Let me explain. The axiom of choice states that, given any collection $(A_i\;\colon\; i\in I)$ of nonempty sets, indexed by some set $I$, there exists a choice function picking out, for each $i\in I$, an element $a_i\in A_i$. In other words, we have a function $f\colon I\to\bigcup_iA_i$ such that $f(i)\in A_i$ for each $i$.
A well-known (but not easy to prove) consequence of the axiom of choice is the well-ordering theorem: given any set $A$, we can order the elements of $A$ in such a way that any nonempty subset of $A$ has a least element under the ordering. In fact, the well-ordering theorem is equivalent to the axiom of choice, since, given $(A_i\;\colon\;i\in I)$, we can define $f(i)$ to be the least element of $A_i$, under this ordering, giving us a choice function.

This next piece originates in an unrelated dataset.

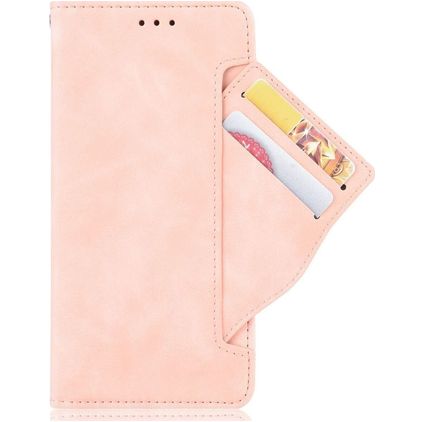 Mobigear Slide Wallet POCO F4 GT Hülle Klapphülle Geldbörse - Pink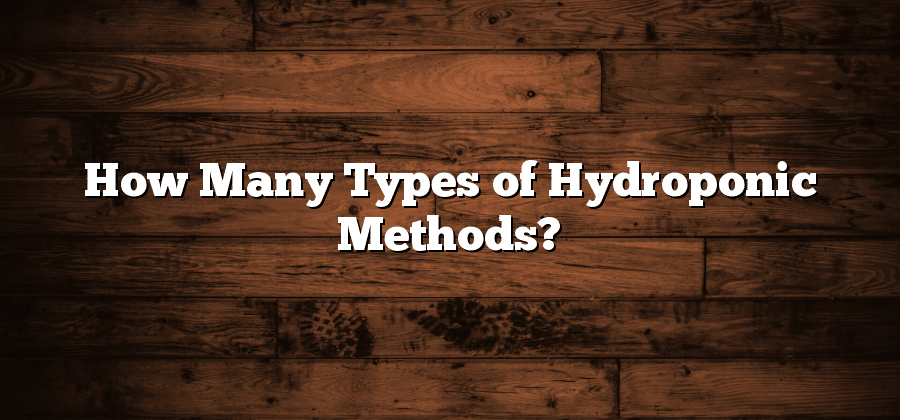 How Many Types of Hydroponic Methods?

With this form of the axiom of choice, one can prove your statement as follows: given your set $S$, order it according to the well-ordering theorem. Then let $a_0$ be the least element of $S$, let $a_1$ be the least element of $S\setminus\{a_0\}$ and so on. This process will never terminate; otherwise, $S$ would be equal to $\{a_0,\dots,a_n\}$ for some $n$ and therefore would be finite.
That's all well and good, but the well-ordering theorem is a non-obvious theorem in set theory, and certainly isn't implicit in your argument. We shouldn't need to use it to prove this statement.
Thankfully, there is another way, and it actually involves a strictly weaker form of the axiom of choice. The axiom of countable choice is the same as the axiom of choice, except that we require the set $I$ to be countable. There are models of set theory in which the axiom of choice fails but still holds whenever the index set is countable, so countable choice is strictly weaker than full choice.
Here's how we prove your statement using only countable choice. Let $S$ be an infinite set. Then, for each $n=0,1,2,\dots$, let $S_n$ be the set of subsets of $S$ of size $2^n$.
We can show that each $S_n$ is non-empty using your argument (note that the axiom of choice is not required for a finite collection of sets, since we can proceed by induction): inductively pick elements $a_1,\dots,a_{2^n}$ from $S$; since $S$ is infinite, this process will not terminate and since we are only choosing finitely many elements, there are no dodgy set-theory issues.
Now, there are countably many $S_n$, so the axiom of countable choice tells us that there is a sequence $A_0,A_1,A_2,\dots$ of subsets of $S$ such that $A_n$ has size $2^n$ for each $n$.
Now, for each $n$, let $B_n$ be the set of elements of $A_n$ that are not contained in $A_0\cup\dots\cup A_{n-1}$. Since $A_n$ has size $2^n$, and $A_0,\dots,A_{n-1}$ have at most $1+2+4+\dots+2^{n-1}=2^n-1$ distinct elements between them, $B_n$ must be non-empty. By the axiom of countable choice again, we can choose a sequence $s_0,s_1,\dots$ with each $s_n\in B_n$. In particular, the $s_n$ are distinct. We have found a countably infinite subset of $S$.